His navy back creased the surface while his golden tipped tail fin protruded above the crystalline waves. His peck-fins stood out like thin, sharp wings. Twice, he raised and lowered his great dorsal fin before sliding aft into the deep.
I grabbed my fishing rod from its stanchion mounted holder. Still rigged from the previous days troll, I lowered the bait.

“Don't catch him!” Sandra begged as I carefully fed out the line.
“Catch him? Hell! I'm just going' to tease him up a little. This rig 'ill never hold something that size.”

Slowly, foot by foot, I played out the line until the bait was trailing about ten feet astern. The giant golden sickle of fin broke the surface like the periscope of an attack sub. The monster shot forward as I frantically cranked the handle of my Penn 60 high-speed reel. He stopped just short of the bait skipping in the wake off our transom, and again faded back. I fed out some more line. We watched in awe as the huge fish charged again and slid off to ride along on our port quarter.
“Look at this, will yah? He's so close I could spit on him… or harpoon the bastard!”

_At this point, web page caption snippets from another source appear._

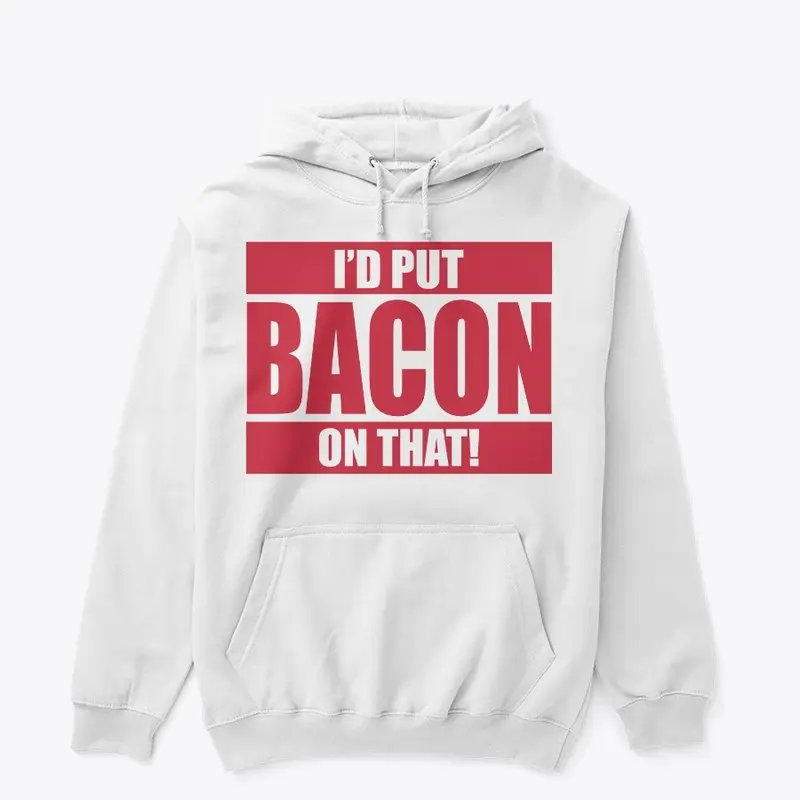 I'd put BACON on that!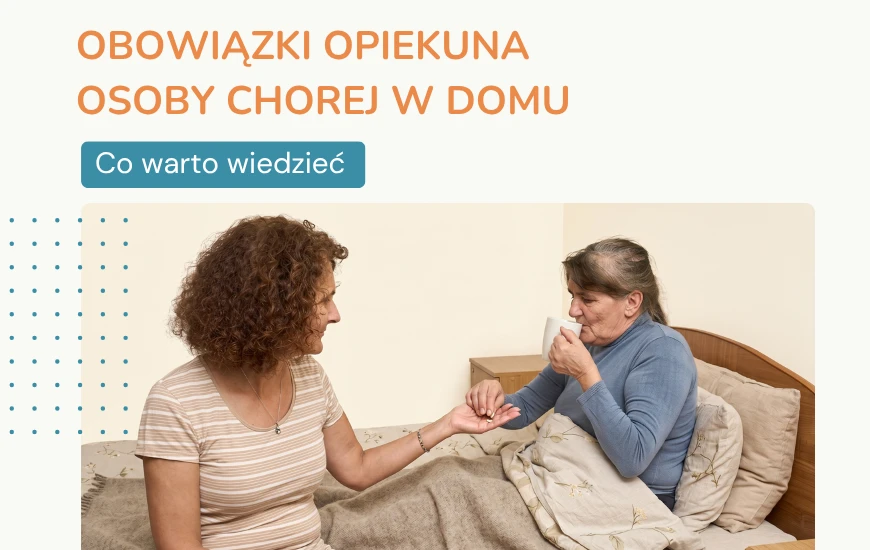 Obowiązki opiekuna osoby chorej w domu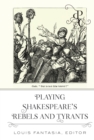 Playing Shakespeare's Rebels and Tyrants - eBook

With my hunter instinct at full alert, I imagined myself standing on the gunnels, poised with a long harpoon raised and ready to strike; the pivoting barb glinting before the throw, the black nylon tag line threading through the barb and along the tapered shaft to the feed bucket, my sturdy mates standing by with clip-on bullet floats and fiery eyes awaiting the fatal pitch. With a savage grunt I heave the lethal shaft. The sea explodes in silver and crimson as the wounded beast dives. One heavily gloved mate grabs the singing tag line while the other clips on bullet-floats just ahead of his hands. Excited yet cool, they play the fish. Back and forth the battle rages, hauling in line and removing floats only to play them out again, over and over, until the poor creature is hauled along side where I stand ready with a stout gaff. Dipping the shaft beneath the thrashing fish, I jerk it upwards and feel the blade edged hook bite deep into his flesh.

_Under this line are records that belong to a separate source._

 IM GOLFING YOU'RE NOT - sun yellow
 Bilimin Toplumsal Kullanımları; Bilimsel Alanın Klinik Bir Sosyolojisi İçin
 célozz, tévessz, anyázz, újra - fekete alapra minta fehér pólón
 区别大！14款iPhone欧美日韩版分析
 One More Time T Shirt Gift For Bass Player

Vanquished at last, the beautiful scarlet streaming beast is unceremoniously hauled aboard, butchered, and packed away in the ice hold. The hunters return to their positions and resume the watch.

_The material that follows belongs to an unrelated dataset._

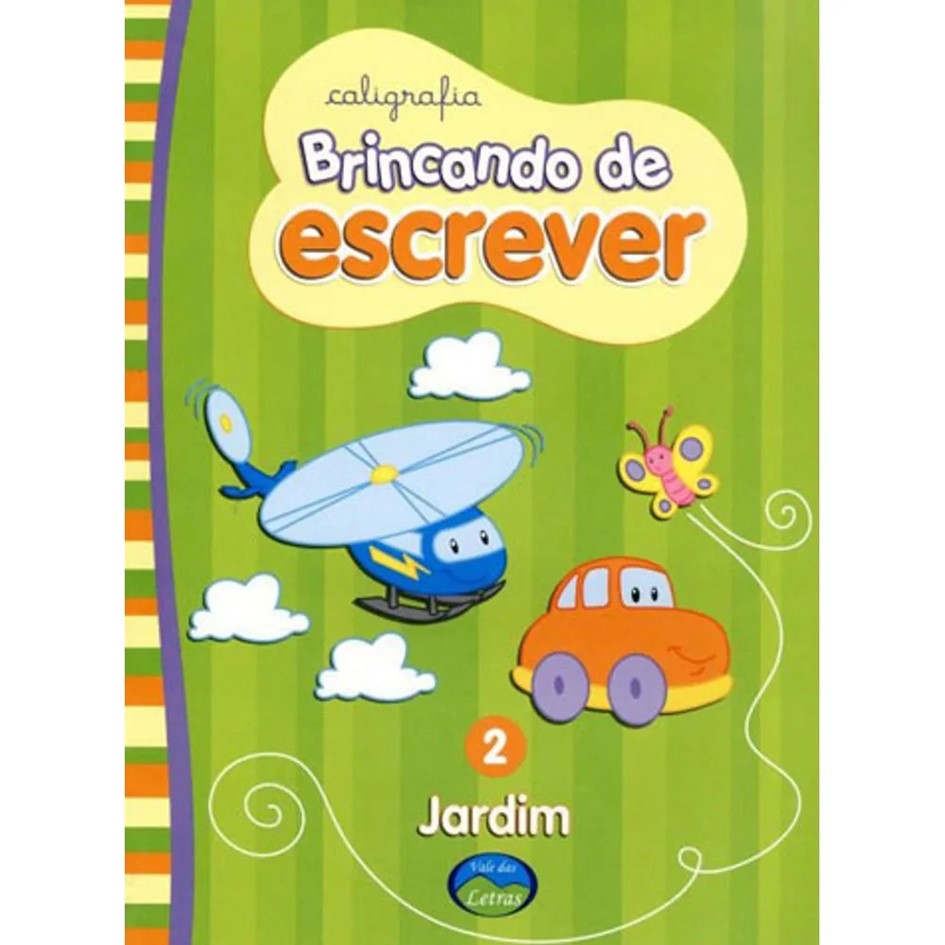 Brincando de Escrever - Caligrafia: Jardim 2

The colossal fish dives and I am roused from my day-dream. Suddenly aware of the fact that I have neither harpoon, nor hearty mates, nor ice hold, I shake off the fantasy and return to my fishing rod. Again I lure my giant friend in close. I have come to the realization that I will not catch this fish; no matter how much I would like to. To hook him would be to waste of good equipment and possibly damage a beautiful animal. And with this realization comes a feeling of peace and love. I want him to live and grow bigger, to be a king of beasts, to live forever. At last tiring of the futile game we are playing he disappears into the abyss, and I wish him well. I feel we are friends. Sandra says something softly but I miss it.

“What was that?”
“I said, 'this was a gift from God'.”
I too am feeling reverent and blessed. “Yah” I agree, “This was indeed a gift. Wow!”
Returning to the sea-birth, I replay the encounter over and over until it's all mixed up with spaceships and other odd bits of scrap memory, and I fall asleep.

So, there you have it. I start off talking about the tedious nature of ocean sailing and before you know it, I'm into some “wonder of nature” narrative. And maybe this is the truest picture I can paint for you. It seems that every time I find myself staring out to sea in some mind numbing trance, something happens to awaken my sense of awe and gratitude. Cruising is often difficult and sometimes dangerous but, for me, the rewards have trivialized the hazards…so far.